EXERCISE DIRECTIONS:
Copy out exactly the lines below that run from the one holding "Fundo abstrato - ondas" to the one holding "Close-up side view", keeping both of those lines and no others.

Dataset excerpts
Segment Open
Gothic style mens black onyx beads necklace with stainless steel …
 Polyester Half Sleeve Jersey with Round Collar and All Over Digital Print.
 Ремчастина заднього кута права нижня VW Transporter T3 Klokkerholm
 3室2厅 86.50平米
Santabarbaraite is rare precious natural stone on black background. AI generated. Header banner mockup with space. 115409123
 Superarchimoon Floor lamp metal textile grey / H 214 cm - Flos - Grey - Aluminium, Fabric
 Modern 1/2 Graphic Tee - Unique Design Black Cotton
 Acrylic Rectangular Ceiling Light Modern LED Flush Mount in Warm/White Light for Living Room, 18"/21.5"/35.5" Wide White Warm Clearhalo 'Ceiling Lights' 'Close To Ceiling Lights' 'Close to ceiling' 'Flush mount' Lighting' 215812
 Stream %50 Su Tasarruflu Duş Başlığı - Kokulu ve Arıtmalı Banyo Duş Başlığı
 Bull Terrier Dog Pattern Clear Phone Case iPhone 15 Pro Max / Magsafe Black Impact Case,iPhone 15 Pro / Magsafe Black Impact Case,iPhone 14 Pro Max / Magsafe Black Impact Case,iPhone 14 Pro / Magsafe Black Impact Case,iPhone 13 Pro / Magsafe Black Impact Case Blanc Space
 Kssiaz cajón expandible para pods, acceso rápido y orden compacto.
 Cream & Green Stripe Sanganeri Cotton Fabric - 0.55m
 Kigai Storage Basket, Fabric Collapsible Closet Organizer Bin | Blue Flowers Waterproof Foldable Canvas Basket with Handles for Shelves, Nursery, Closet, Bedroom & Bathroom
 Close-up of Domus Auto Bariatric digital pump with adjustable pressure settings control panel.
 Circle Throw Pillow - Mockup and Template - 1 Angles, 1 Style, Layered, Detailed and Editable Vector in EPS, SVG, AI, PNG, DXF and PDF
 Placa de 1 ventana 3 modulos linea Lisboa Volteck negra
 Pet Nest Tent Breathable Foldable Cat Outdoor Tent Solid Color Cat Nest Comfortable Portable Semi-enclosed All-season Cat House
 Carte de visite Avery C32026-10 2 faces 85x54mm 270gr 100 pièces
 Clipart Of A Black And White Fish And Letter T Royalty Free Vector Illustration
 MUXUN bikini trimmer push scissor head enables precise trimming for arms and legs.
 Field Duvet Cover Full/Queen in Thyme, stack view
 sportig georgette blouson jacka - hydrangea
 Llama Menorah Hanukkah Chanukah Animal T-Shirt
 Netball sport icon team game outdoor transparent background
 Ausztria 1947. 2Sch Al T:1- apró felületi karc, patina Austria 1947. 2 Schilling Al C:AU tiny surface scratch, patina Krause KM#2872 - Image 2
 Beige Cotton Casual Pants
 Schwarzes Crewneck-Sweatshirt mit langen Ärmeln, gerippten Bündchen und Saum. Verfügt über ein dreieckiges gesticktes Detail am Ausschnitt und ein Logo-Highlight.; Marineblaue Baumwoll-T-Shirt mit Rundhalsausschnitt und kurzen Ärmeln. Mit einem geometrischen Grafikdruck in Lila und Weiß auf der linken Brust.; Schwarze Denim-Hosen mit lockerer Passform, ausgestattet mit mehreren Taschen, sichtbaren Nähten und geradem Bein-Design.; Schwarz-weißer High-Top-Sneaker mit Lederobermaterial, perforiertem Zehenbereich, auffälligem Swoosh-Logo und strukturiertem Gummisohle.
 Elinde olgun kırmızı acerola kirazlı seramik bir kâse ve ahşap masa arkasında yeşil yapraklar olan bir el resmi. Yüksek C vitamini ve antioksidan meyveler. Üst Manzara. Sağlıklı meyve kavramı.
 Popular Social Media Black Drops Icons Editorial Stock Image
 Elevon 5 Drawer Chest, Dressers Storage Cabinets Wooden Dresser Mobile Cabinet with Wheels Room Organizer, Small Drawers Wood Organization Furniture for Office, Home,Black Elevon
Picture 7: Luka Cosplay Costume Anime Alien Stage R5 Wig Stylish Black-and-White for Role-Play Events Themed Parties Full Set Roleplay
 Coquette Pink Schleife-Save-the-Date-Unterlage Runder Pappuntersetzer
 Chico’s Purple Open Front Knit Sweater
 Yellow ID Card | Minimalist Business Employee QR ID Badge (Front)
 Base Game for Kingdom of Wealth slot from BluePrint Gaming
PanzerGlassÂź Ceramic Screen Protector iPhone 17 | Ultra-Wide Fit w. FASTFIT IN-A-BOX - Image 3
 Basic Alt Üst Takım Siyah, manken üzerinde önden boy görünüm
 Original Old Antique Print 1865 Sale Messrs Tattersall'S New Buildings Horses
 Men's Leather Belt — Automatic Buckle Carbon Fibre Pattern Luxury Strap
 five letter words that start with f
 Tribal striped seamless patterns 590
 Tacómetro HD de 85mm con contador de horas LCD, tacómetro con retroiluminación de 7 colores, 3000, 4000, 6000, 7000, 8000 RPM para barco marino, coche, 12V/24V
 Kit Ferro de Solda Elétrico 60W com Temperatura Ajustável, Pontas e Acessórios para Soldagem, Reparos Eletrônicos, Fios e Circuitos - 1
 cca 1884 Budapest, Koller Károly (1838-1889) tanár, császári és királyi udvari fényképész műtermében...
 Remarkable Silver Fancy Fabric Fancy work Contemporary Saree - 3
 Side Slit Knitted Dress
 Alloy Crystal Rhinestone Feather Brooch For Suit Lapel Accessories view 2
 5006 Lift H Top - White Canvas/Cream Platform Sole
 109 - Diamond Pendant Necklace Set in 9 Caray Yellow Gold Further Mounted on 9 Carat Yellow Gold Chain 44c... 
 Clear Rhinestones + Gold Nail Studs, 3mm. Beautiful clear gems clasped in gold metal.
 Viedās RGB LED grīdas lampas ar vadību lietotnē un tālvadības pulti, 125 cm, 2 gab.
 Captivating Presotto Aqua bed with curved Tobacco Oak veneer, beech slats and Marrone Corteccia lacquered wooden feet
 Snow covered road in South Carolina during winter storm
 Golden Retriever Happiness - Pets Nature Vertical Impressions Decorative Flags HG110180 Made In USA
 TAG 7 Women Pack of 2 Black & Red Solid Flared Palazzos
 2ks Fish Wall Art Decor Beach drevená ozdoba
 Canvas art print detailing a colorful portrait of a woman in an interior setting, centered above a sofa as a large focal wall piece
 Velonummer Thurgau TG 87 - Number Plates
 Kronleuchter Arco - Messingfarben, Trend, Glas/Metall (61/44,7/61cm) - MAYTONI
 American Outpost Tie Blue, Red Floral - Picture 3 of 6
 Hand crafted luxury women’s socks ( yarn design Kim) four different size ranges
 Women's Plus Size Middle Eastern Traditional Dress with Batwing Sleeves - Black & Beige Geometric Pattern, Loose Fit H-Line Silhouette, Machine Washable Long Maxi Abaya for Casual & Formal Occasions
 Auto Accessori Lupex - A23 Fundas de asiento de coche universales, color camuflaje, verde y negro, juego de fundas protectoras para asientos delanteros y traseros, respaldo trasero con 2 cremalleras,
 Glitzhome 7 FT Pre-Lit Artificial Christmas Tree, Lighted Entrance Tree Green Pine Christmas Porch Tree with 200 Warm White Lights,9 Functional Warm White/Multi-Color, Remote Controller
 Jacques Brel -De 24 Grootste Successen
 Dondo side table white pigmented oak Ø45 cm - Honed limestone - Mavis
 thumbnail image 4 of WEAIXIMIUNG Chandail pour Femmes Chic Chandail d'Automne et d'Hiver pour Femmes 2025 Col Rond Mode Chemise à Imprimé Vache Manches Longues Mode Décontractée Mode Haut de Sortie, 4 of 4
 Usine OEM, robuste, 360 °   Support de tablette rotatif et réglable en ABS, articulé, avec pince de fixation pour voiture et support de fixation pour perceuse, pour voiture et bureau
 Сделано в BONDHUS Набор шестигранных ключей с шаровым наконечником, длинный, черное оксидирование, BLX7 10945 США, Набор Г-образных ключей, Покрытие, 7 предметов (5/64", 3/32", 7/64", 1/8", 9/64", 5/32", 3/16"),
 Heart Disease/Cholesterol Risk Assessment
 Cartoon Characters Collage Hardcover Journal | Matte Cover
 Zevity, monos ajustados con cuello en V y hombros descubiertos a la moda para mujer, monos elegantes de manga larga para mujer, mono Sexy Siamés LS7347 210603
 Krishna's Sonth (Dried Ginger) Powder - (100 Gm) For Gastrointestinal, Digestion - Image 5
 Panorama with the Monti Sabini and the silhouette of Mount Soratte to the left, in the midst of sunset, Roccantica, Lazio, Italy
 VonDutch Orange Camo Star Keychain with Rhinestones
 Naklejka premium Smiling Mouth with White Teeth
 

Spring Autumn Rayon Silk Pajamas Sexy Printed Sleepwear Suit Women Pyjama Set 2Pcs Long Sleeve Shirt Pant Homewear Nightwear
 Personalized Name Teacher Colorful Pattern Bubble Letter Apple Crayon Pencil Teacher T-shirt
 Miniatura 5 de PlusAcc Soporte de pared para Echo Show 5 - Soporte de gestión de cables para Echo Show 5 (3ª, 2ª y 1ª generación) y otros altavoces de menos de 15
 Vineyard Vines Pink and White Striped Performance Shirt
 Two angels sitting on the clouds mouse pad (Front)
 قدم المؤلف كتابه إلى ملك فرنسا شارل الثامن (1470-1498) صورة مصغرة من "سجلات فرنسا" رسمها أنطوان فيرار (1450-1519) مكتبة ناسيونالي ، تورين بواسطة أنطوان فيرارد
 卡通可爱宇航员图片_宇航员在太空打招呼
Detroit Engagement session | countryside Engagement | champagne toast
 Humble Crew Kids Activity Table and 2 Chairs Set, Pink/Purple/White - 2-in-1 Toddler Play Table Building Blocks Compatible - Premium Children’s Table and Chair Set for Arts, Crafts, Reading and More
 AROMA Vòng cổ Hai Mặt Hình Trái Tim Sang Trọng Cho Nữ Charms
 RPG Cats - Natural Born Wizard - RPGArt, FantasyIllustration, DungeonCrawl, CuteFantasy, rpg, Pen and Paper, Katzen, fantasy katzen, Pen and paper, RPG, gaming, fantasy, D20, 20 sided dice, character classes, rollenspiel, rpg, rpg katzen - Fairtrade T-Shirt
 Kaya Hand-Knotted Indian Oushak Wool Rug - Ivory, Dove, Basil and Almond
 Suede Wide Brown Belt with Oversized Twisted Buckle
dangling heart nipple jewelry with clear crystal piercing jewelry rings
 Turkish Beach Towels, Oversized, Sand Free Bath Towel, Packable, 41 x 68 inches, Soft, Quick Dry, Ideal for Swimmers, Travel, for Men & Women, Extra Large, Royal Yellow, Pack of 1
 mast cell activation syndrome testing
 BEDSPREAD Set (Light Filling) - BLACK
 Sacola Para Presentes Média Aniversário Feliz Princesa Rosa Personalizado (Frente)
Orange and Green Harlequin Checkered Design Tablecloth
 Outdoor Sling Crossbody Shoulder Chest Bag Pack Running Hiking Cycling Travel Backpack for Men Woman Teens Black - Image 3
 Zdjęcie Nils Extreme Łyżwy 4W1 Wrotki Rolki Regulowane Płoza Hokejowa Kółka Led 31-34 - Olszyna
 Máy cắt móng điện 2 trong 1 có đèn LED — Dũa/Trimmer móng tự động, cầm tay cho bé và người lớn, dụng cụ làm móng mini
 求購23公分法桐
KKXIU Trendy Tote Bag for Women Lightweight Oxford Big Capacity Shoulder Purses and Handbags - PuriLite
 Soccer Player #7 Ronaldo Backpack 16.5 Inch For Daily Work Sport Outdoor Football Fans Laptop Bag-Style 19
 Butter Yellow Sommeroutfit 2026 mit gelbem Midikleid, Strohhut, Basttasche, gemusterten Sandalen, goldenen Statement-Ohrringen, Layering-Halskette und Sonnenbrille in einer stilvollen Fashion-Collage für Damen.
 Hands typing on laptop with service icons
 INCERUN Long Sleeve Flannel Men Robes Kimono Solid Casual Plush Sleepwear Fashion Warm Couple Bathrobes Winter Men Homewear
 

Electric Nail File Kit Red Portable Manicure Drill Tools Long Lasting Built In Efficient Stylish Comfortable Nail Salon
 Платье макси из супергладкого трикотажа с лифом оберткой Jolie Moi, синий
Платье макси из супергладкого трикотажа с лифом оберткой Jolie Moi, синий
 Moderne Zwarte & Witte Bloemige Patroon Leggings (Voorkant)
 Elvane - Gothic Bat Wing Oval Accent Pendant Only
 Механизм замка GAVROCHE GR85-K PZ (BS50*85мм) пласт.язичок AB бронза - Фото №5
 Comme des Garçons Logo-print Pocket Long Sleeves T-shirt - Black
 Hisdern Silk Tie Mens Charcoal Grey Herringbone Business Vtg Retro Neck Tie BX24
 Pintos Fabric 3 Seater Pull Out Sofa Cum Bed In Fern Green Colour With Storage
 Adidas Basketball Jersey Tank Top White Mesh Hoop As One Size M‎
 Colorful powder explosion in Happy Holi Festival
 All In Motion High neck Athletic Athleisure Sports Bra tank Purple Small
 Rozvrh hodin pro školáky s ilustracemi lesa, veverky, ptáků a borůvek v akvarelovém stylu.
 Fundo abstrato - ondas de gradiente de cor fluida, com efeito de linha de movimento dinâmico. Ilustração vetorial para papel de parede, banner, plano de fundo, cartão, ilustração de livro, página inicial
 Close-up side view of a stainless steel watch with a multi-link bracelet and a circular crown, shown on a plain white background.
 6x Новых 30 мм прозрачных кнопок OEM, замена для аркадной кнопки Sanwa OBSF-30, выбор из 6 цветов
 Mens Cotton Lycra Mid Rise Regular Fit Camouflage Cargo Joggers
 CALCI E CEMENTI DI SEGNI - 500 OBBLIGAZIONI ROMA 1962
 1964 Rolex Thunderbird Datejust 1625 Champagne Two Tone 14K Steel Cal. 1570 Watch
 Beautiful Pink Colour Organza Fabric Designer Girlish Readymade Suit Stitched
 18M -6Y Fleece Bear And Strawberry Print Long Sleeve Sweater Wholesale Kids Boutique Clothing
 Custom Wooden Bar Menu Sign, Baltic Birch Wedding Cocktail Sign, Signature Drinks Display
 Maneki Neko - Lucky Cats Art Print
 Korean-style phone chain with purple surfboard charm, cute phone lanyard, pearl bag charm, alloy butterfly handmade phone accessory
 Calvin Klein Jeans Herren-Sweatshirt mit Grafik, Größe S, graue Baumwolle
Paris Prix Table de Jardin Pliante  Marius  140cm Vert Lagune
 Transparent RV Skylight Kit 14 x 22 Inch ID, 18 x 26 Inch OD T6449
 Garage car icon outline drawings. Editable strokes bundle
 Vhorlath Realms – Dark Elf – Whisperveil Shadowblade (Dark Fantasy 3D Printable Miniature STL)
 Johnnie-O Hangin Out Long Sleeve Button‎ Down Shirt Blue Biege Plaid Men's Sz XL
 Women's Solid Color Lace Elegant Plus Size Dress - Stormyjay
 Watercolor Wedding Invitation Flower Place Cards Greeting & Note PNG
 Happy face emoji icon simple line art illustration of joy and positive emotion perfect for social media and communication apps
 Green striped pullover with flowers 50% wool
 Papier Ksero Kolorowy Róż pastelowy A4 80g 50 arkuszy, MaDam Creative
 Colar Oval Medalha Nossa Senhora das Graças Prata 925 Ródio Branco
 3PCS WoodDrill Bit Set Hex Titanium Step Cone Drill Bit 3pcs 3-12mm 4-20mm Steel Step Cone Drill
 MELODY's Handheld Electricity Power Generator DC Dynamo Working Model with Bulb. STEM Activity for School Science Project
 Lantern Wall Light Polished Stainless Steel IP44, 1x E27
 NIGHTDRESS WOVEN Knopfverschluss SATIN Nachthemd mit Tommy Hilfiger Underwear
Segment Closed
RESULT:
 Fundo abstrato - ondas de gradiente de cor fluida, com efeito de linha de movimento dinâmico. Ilustração vetorial para papel de parede, banner, plano de fundo, cartão, ilustração de livro, página inicial
 Close-up side view of a stainless steel watch with a multi-link bracelet and a circular crown, shown on a plain white background.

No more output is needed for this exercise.